Defining investment in regional terms, instead of by individual country, simplifies the task of enticing individuals to invest in developing markets, and ultimately will provide companies in developing markets with greater access to capital. Adapted Consulting is not large enough to facilitate large-scale regional investment across a number of industries. However, by offering investors returns generated through their ability to identify companies with above average potential, Adapted hopes to prove that there are profits to be made in seemingly unattractive markets. An ideal outcome to Adapted’s plan would be instant acceptance by investors. A more realistic outcome is that the learning curve will be slow. As companies like Adapted help institutional investors to identify opportunities a trickle down effect will likely expose the mainstream investor to opportunities in Africa. Despite the uncertainty of acceptance, the mere process of attempting non-traditional investment should generate feedback sufficient to create a working model that will eventually help to build wealth in some of the world’s poorest nations.

Tuesday, October 2, 2007

Putting the criteria to work: the evaluation of a West African IT firm

Hello again, internet troubles and moving places delayed this posting again. I thank those of you still reading the blog for sticking with me. My intention is that this installment shows how I intended to apply my criteria to a potential site for investment. Next week I will include the conclusions I have drawn from what I have written. Again all feedback is welcome.


The Evaluation of an opportunity: Group Zirasun
To test the criteria, we have used an opportunity that has already been explored by Adapted Consulting, that is the investment into Groupe Zirasun. This is a good example of a company that suits their investment interests. To analyze it using this framework, we have evaluated Zirasun using the four investment criteria that were developed earlier, which have been restated below. This provides us with a good basis for evaluating the criteria as this firm is well understood by Adapted Consulting. The goal of the criteria is to answer the larger question: can additional capital and management training enhance the target company’s value?
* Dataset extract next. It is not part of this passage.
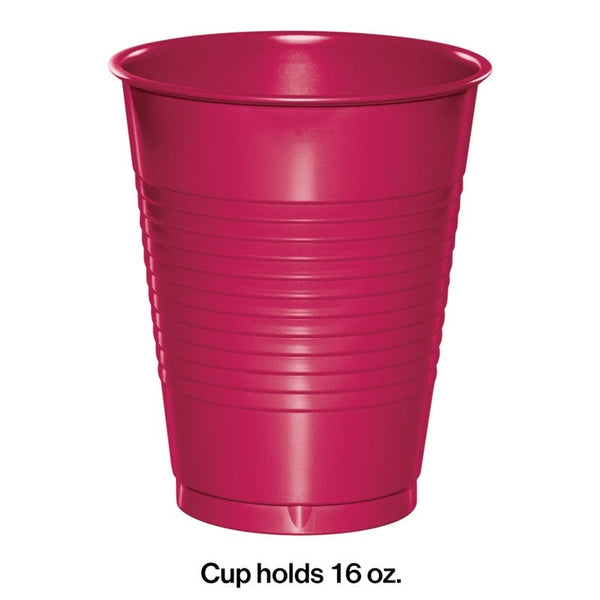 Tumbler 16 oz Plastic 20 Count Hot Magenta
(photo: Moussa, manager/owner of Zirasun)

Evaluation Criteria of for (µ) Micro Venture Capital Investments:
  1. Is there an opportunity for management/human resource training to increase profitability?
  2. Is there a sufficient market, both current and in terms of growth potential, for the goods and/or services the organization provides.
  3. How susceptible is the organization to the primary risk factors and impediments to success in their country?
  4. Does the organization operate in a manner consistent with C.K. Prahalad’s Twelve Principles of Innovation for BOP Markets? If not, can the organization be changed to do so?

Criteria 1: Human Resource improved proved productivity potential

Is there an opportunity for management/human resource training to increase profitability?

One limitation for Groupe Zirasun is their current human resource management system. Due to cash flow constraints workers are often hired on an ad hoc basis from a pool of workers who are loosely affiliated with the company. As would be predicted, these working conditions are not conducive to encouraging high levels of productivity from workers. In other words, to expect full commitment from employees an employer must offer full commitment to those employees. In a report prepared by students at the Schulich School of Business, recommendations to improve conditions included: modest employee bonuses near holidays, profit sharing schemes, modest commissions on new contracts secured by Groupe Zirasun. These incentives will increase employee comittment and also address the company’s cash flow problems, as all incentives are based on new business generation.

To lend legitimacy to any of these recommendations, Groupe Zirasun must formalize human resource practices. Included in this change would be a set of practices for future hiring and training on how to create an environment conducive to innovation. Having a formal HR structure would not only increase productivity, and therefore profitability, but also give Zirasun a basis for future staffing decisions. For example, more formalized tracking of employee sales, productivity, and costs would give Moussa access to better information regarding the need to hire based on workload.(photo: Zirasun's offices in Bamako, photo credit Moussa Keita)

Employee incentives, hiring practices, formalized methods of tracking employee hours and productivity, are examples of programs that Adapted Consulting could help to implement. Without outside evaluations to act as a guide for improvement Groupe Zirasun would not effect these necessary changes. Therefore the answer to the first question is yes, management training can increase profitability. However, cash flow remains the major issue. Cash flow could not only help with HR policies but by allowing increased marketing efforts, which in turn would lead to increased sales, and increased cash flow.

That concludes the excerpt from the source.